Beside Clay, sitting on the thin mattress by her brother’s side, Tessa finally spoke. “Keturah swore to flaxseed for poultices.”
“Maddie is a hand at both.” Clay sought to cheer her as her hovering brothers fed him bits and pieces about the ambush.
“Came as close to an Indian as I ever was before . . . Cyrus was in front . . . One buck tried to grab my reins, but I brained him with the butt of my rifle . . . Tessa broke free . . . Fell off my horse when it got spooked and bolted . . .”
It came to him that Rosemary Swan was missing. They had a ready explanation for that too.
“She wanted to warn Westfall. Said she couldn’t live with herself if he didn’t come in.” Zadock shook his head. “I was going to warn him instead, but she wanted to go herself. Saw her to his fence line and then came here.”
“I’ll go see if they’ve come in.” Jasper turned on his heel and left the cabin.
’Twould be an all-night vigil with Cyrus. Tessa’s pained expression said she’d not leave his side, her pallor nearly the same as her ailing brother’s.
Maddie finally came, managing her shock well enough when the dim lantern light shone on the gaping wound.

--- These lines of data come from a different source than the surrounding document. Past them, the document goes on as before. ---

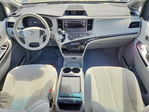 Toyota Sienna 2011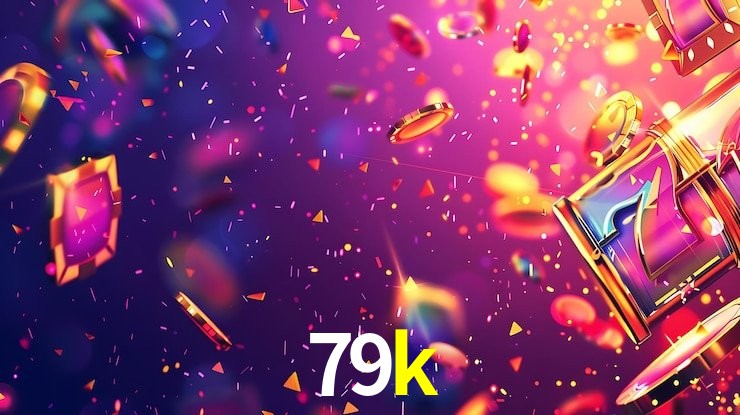 Desvendando o Mundo dos Jogos Virtuais na 79k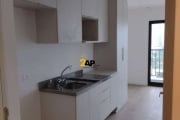 Imperdível: Apartamento para locação em Pinheiros, São Paulo-SP! 1 quarto, 1 sala, 1 banheiro, 24m² de área!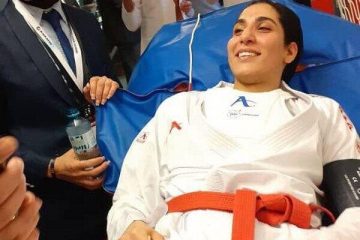 بانوی ایرانی در خطر از دست دادن المپیک!/ حسرت بزرگ برای قهرمان دنیا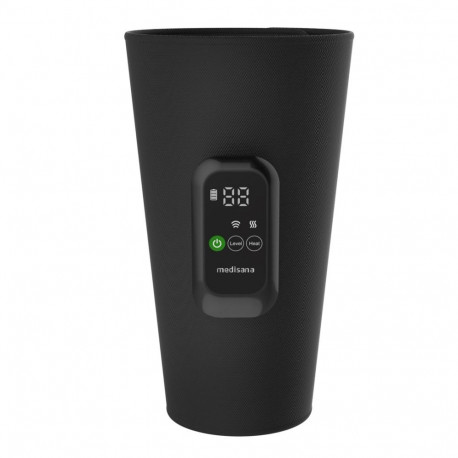 Leg Massager - Medisana LM 200 Black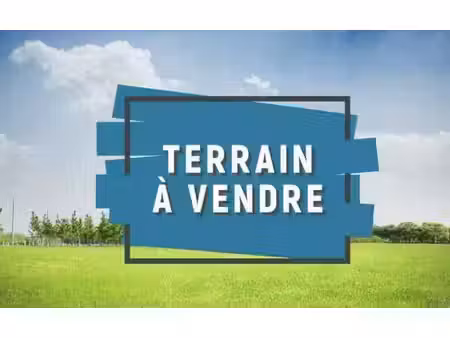 terrain durtol avec vue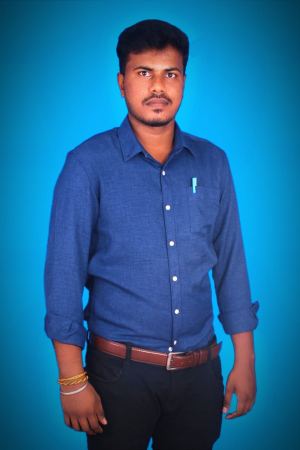 M.சுரேஷ்குமார்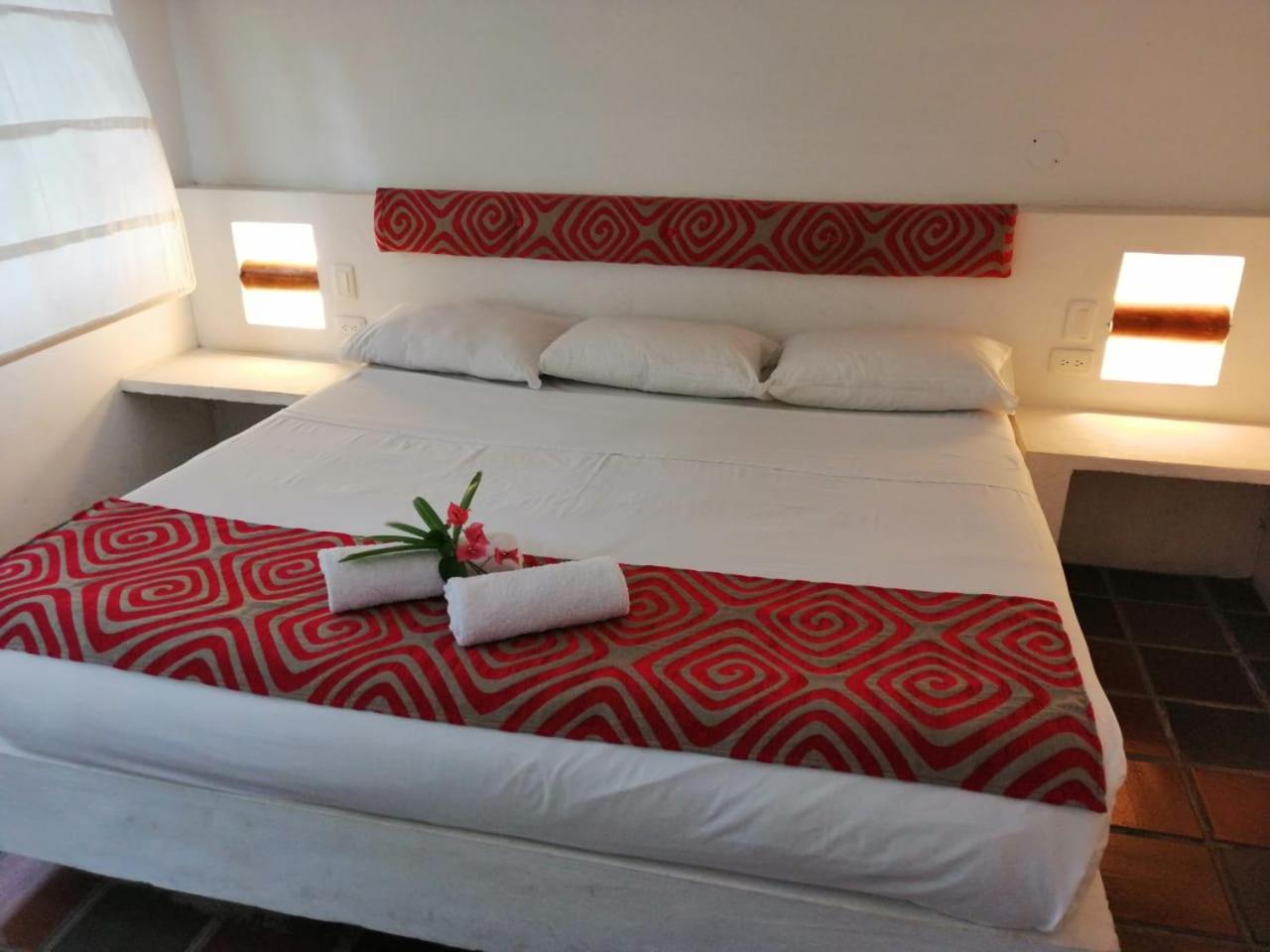 Quadruple Room photo 3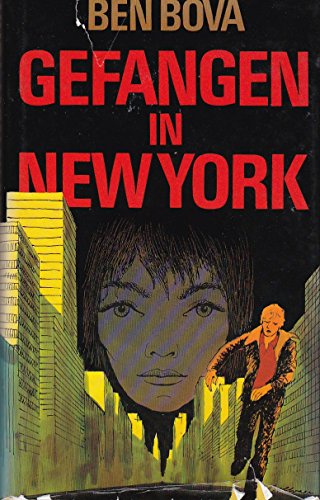 9783414111401: Gefangen in New York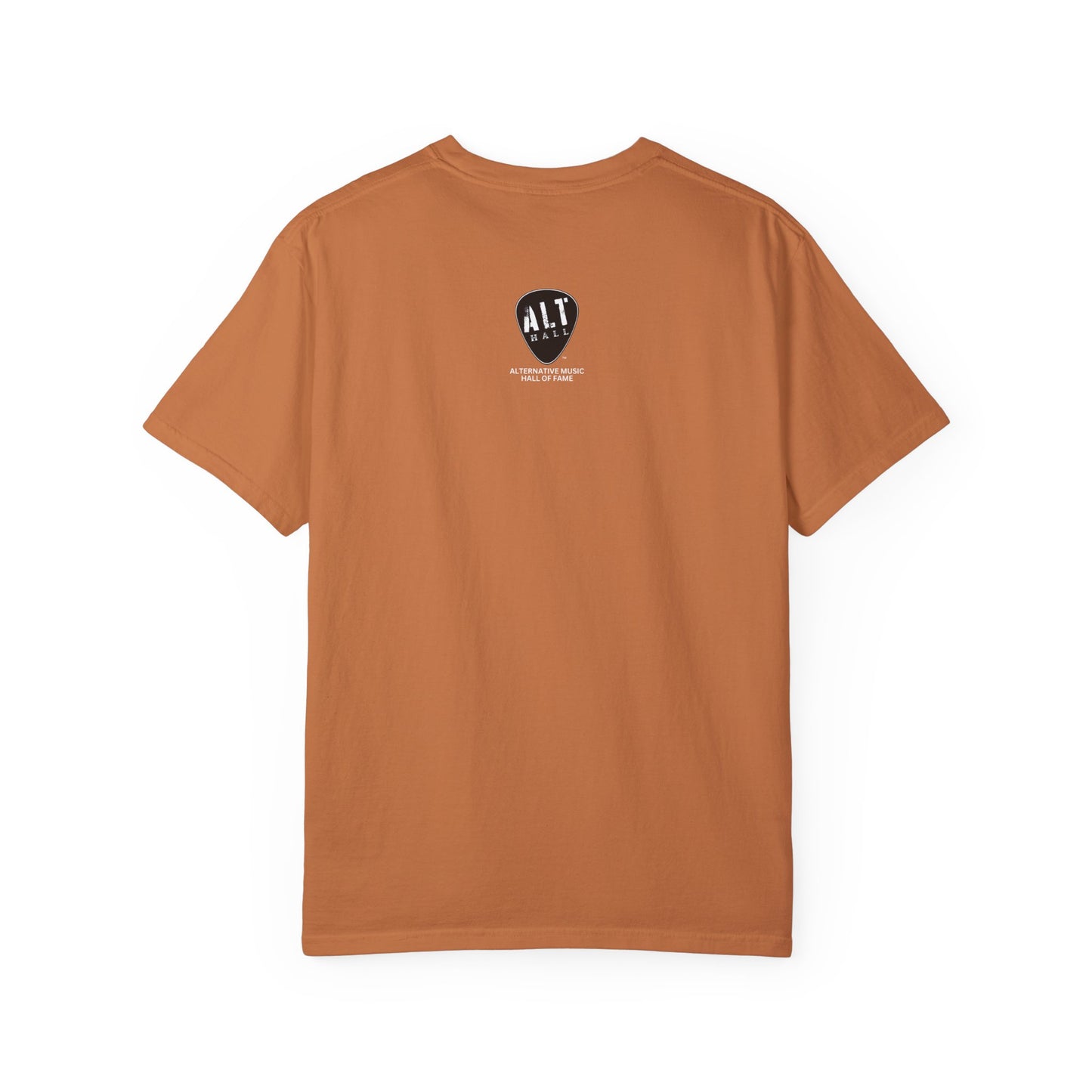 Unisex Grunge Personalized T-shirt
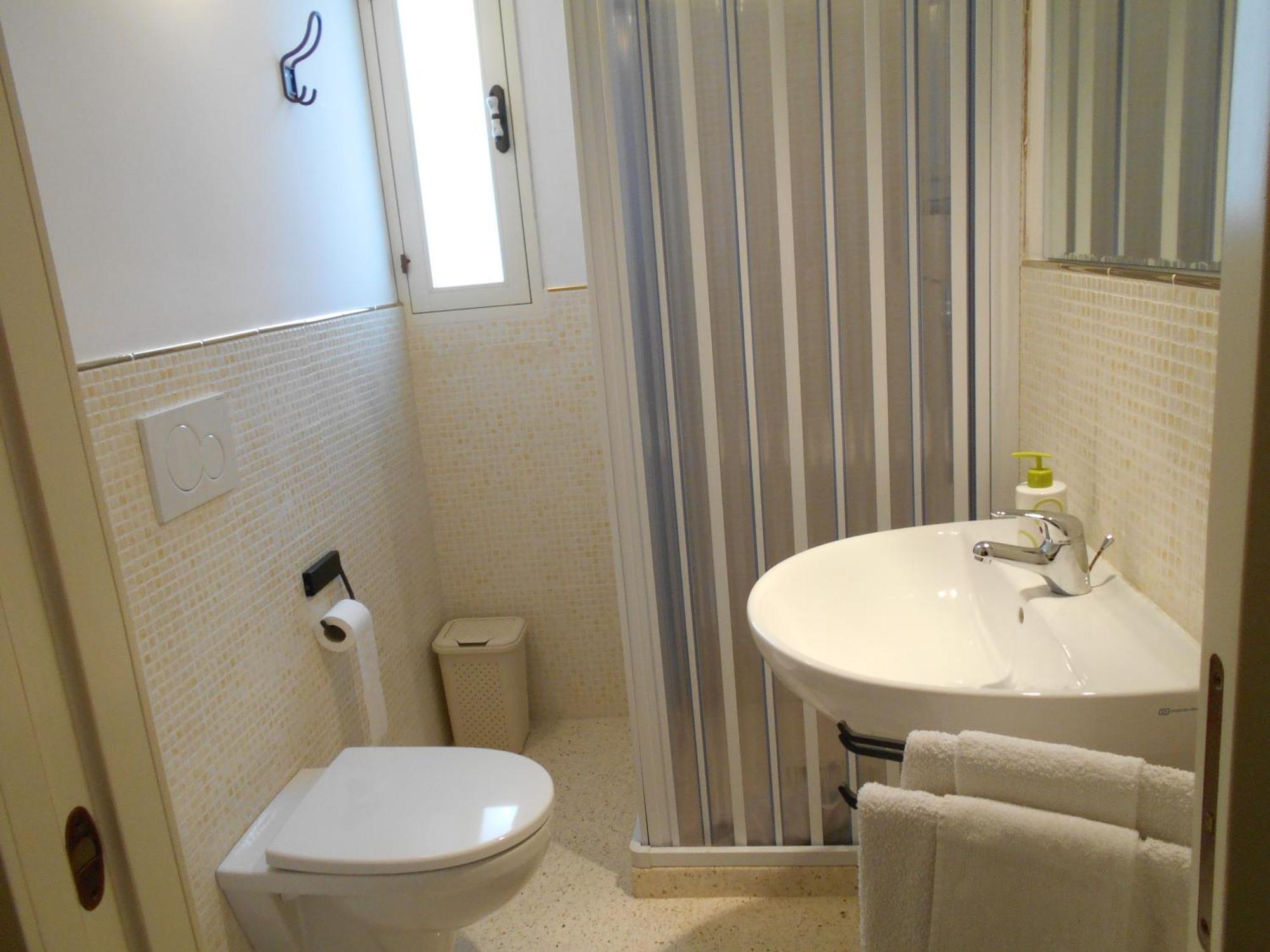 B&B Corte Dragone Matino Buitenkant foto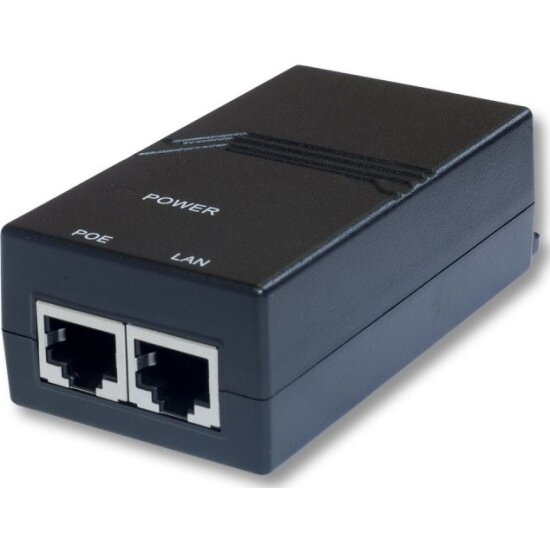 Инжектор питания Atcom PoE 15W пассивный (_G0549-480-032)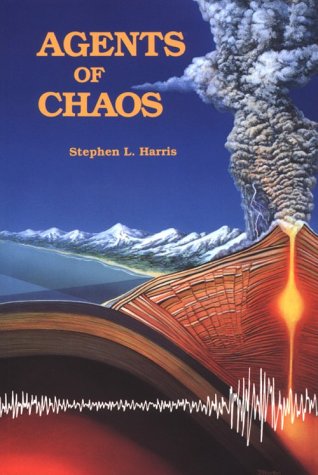 Book cover for Agents of Chaos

“Colonel Tygart.” In the doorway behind them stood a member of the militia. “A roan horse with no rider just came up to the gates, and we let it in.”
“That would be Lemuel’s,” Clay returned, taking a step away from the bed and looking at Tessa’s brother for confirmation. Lemuel nodded.
“Better take a look at it, sir,” the man persisted.
Injured, mayhap? In need of putting down? The Swans were known for their fine horses.
Clay passed out of the cabin with Lemuel following, the rumble of thunder at their backs. They threaded through unsettled people and roaming animals, stopping just shy of the corral where a great many nervy horses were penned. The roan reared at their approach, its bridle held by none other than Jude, the set of his mouth bespeaking trouble.